[<prev] [next>] [<thread-prev] [day] [month] [year] [list]
Message-Id: <20250216002150.ef7dfcbc0b875dfebde31a5b@kernel.org>
Date: Sun, 16 Feb 2025 00:21:50 +0900
From: Masami Hiramatsu (Google) <mhiramat@...nel.org>
To: Steven Rostedt <rostedt@...dmis.org>
Cc: LKML <linux-kernel@...r.kernel.org>, Linux Trace Kernel
<linux-trace-kernel@...r.kernel.org>, Masami Hiramatsu
<mhiramat@...nel.org>, Mathieu Desnoyers <mathieu.desnoyers@...icios.com>,
Vincent Donnefort <vdonnefort@...gle.com>
Subject: Re: [PATCH] ring-buffer: Allow persistent ring buffers to be
mmapped
On Fri, 14 Feb 2025 13:04:42 -0500
Steven Rostedt <rostedt@...dmis.org> wrote:
> From: Steven Rostedt <rostedt@...dmis.org>
>
> The persistent ring buffer uses vmap()'d memory to map the reserved memory
> from boot. But the user space mmap() to the ring buffer requires
> virt_to_page() to return a valid page. But that only works for core kernel
> addresses and not for vmap() addresses.
>
> If virt_addr_valid() fails on the page to be mapped, use vmalloc_to_page()
> instead.
>
> Also, the persistent memory uses the page->id for its own purpose where as
> the user mmap buffer currently uses that for the subbuf array mapped to
> user space.
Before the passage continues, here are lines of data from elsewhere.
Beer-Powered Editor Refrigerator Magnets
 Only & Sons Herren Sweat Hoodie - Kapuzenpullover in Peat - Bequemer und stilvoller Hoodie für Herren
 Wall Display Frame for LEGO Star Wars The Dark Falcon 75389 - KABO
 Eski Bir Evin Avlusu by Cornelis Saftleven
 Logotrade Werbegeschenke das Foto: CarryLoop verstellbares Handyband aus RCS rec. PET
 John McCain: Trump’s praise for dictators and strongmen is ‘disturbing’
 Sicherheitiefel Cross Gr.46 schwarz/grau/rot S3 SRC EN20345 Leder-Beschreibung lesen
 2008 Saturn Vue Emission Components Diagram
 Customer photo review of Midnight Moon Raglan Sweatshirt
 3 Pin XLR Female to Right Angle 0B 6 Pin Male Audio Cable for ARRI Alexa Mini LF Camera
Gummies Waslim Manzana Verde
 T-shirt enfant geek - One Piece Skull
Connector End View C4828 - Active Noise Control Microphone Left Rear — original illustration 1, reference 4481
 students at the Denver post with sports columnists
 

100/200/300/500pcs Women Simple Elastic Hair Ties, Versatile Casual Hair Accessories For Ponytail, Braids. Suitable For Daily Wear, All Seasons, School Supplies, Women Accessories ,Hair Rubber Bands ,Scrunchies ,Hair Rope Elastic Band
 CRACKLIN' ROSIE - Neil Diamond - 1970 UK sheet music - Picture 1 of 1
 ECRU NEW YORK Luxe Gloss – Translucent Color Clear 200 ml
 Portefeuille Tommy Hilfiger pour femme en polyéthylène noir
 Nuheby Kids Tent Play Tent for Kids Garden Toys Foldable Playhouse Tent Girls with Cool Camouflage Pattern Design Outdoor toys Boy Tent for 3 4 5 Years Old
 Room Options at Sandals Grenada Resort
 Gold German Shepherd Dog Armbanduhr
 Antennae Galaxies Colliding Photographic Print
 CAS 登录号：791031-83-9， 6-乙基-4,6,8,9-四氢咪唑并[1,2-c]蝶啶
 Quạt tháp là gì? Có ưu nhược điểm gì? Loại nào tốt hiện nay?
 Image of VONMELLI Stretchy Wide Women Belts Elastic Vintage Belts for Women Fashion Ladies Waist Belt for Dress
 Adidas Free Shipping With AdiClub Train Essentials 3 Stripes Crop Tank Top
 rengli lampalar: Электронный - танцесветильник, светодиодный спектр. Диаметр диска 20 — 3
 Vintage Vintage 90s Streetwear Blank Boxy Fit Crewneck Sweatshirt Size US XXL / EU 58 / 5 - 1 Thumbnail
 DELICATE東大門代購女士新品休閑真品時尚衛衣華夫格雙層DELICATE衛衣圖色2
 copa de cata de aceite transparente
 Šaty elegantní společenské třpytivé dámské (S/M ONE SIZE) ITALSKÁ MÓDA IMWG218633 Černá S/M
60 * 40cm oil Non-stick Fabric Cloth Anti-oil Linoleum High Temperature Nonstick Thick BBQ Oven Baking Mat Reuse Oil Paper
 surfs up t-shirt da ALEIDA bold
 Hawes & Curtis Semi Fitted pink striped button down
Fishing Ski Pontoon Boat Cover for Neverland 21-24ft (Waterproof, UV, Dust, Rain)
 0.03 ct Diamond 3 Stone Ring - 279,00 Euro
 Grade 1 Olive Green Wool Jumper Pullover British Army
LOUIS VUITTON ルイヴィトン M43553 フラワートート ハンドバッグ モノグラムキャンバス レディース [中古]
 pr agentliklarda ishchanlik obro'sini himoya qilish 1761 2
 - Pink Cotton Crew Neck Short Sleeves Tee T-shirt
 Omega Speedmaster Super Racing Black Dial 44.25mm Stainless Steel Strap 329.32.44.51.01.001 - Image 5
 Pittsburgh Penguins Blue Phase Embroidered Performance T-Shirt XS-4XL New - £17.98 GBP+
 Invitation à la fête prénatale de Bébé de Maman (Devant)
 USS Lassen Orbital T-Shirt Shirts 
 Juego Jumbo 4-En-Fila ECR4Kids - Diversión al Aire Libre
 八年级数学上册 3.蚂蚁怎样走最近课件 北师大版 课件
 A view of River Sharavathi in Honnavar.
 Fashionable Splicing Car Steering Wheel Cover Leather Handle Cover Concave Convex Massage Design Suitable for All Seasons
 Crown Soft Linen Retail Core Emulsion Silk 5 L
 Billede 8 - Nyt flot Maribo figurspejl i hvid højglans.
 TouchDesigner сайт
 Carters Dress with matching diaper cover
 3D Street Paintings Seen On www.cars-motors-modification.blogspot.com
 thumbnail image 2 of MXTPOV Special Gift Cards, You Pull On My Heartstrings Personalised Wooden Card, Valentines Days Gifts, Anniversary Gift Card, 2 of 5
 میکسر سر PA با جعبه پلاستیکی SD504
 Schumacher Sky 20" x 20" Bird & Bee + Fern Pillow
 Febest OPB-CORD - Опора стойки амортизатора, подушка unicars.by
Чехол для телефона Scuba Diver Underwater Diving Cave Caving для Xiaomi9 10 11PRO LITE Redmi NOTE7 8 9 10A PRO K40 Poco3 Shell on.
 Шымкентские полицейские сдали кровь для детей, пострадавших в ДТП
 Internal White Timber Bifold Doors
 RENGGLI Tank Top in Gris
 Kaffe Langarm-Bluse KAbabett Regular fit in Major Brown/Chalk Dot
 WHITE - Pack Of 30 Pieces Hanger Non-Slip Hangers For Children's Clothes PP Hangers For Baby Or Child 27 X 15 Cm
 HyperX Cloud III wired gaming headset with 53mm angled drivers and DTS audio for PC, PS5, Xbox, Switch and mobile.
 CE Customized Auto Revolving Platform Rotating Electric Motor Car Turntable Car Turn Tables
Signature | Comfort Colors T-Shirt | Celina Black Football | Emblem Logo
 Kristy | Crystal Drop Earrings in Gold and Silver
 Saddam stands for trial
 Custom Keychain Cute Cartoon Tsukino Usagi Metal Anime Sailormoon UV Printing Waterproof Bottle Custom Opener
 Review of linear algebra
If the buffer is a persistent buffer, use the page index into
> that buffer as the identifier instead of the page->id.
>
> That is, the page->id for a persistent buffer, represents the order of the
> buffer is in the link list. ->id == 0 means it is the reader page.
> When a reader page is swapped, the new reader page's ->id gets zero, and
> the old reader page gets the ->id of the page that it swapped with.
>
> The user space mapping has the ->id is the index of where it was mapped in
> user space and does not change while it is mapped.
>
> Since the persistent buffer is fixed in its location, the index of where
> a page is in the memory range can be used as the "id" to put in the meta
> page array, and it can be mapped in the same order to user space as it is
> in the persistent memory.
Looks good and works for me.
Reviewed-by: Masami Hiramatsu (Google) <mhiramat@...nel.org>
Tested-by: Masami Hiramatsu (Google) <mhiramat@...nel.org>
Thank you,
>
> Signed-off-by: Steven Rostedt (Google) <rostedt@...dmis.org>
> ---
> kernel/trace/ring_buffer.c | 49 ++++++++++++++++++++++++++++++++------
> kernel/trace/trace.c | 4 ----
> 2 files changed, 42 insertions(+), 11 deletions(-)
>
> diff --git a/kernel/trace/ring_buffer.c b/kernel/trace/ring_buffer.c
> index bb6089c2951e..87caf9d48edb 100644
> --- a/kernel/trace/ring_buffer.c
> +++ b/kernel/trace/ring_buffer.c
> @@ -5950,12 +5950,18 @@ static void rb_clear_buffer_page(struct buffer_page *page)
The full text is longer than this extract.